= Exercise description =
Set down each line of the data exactly, but not the pictures.

[Records excerpted from a collection]
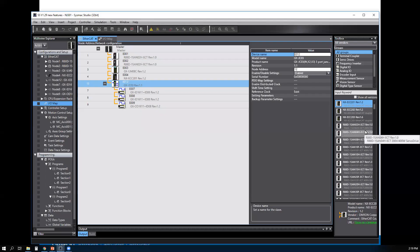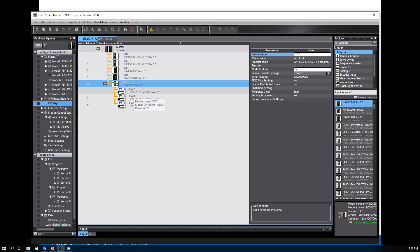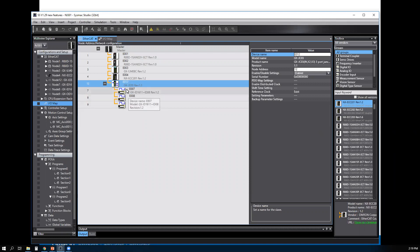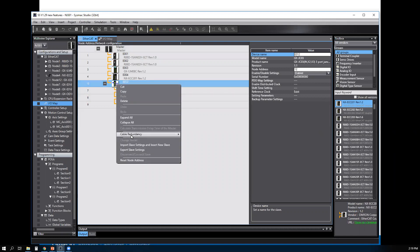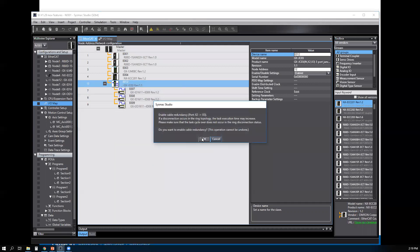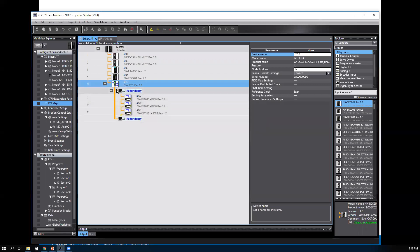Here's an example. In my EtherCAT master I added an EtherCAT junction JC03. I have EtherCAT devices into the junction. Now right click on the junction, select Cable Redundancy, then Enable, and say okay. Now you see the redundancy cable show up in your EtherCAT tree.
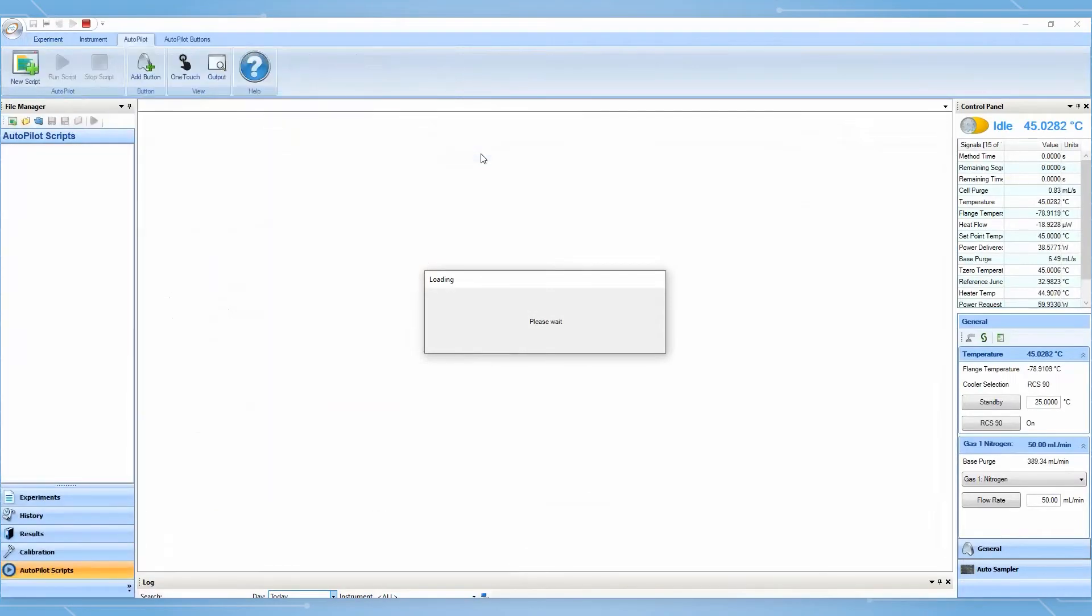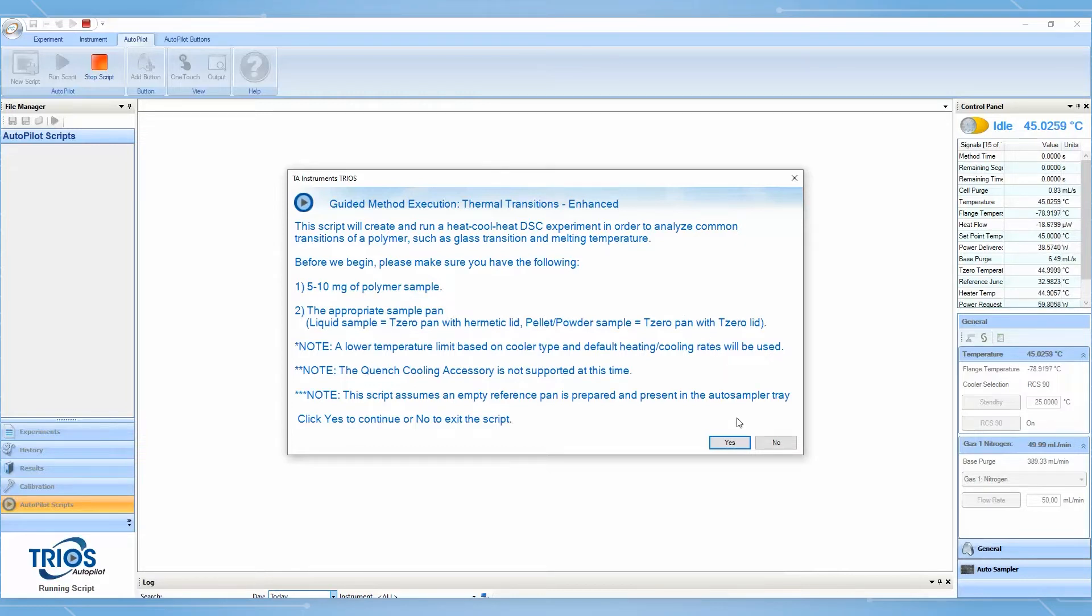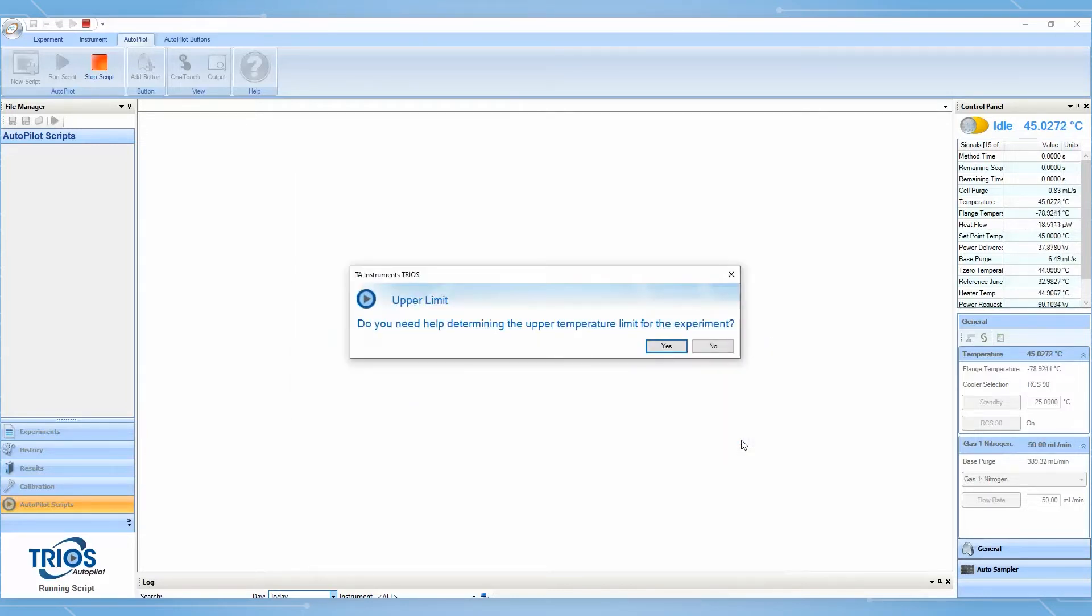With Guided Methods, TRIOS provides a simplified user interface and an instructional framework to reduce training time, reduce mistakes, and reduce user-to-user variability.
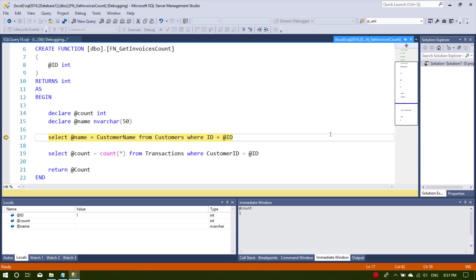Sometimes our queries will not return data as expected and it's not easy to find out what the problem is exactly, especially when you have long queries. In this video I'm trying to show you how to debug a query which contains a function and a stored procedure. I hope you enjoy it.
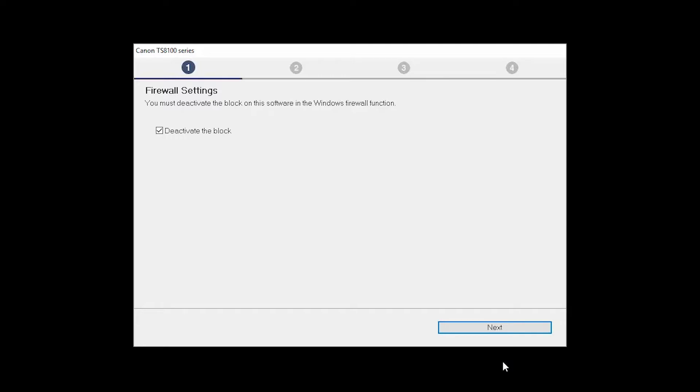If you have security software on your computer, you may see this screen. Verify there is a check in the box next to Deactivate the Block and click Next.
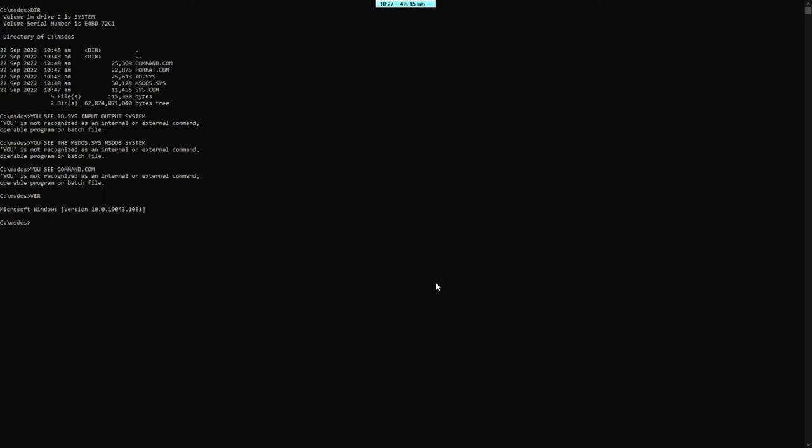Hanggang dito na lang. Ayan po ang sample shooter na kung paano mag-install ng DOS sa diskette noong panahon year 1998 to year 2000. Hanggang dito na lang. Thank you.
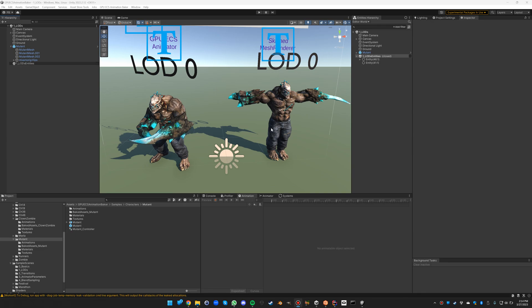In this video I will go through the second sample of the GPU ECS animation baker. This sample shows the LODs in the context of animation baking.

= Solution below =
Here's an example. In my EtherCAT master I added an EtherCAT junction JC03. I have EtherCAT devices into the junction. Now right click on the junction, select Cable Redundancy, then Enable, and say okay. Now you see the redundancy cable show up in your EtherCAT tree.
With Guided Methods, TRIOS provides a simplified user interface and an instructional framework to reduce training time, reduce mistakes, and reduce user-to-user variability.
Sometimes our queries will not return data as expected and it's not easy to find out what the problem is exactly, especially when you have long queries. In this video I'm trying to show you how to debug a query which contains a function and a stored procedure. I hope you enjoy it.
If you have security software on your computer, you may see this screen. Verify there is a check in the box next to Deactivate the Block and click Next.
Hanggang dito na lang. Ayan po ang sample shooter na kung paano mag-install ng DOS sa diskette noong panahon year 1998 to year 2000. Hanggang dito na lang. Thank you.
In this video I will go through the second sample of the GPU ECS animation baker. This sample shows the LODs in the context of animation baking.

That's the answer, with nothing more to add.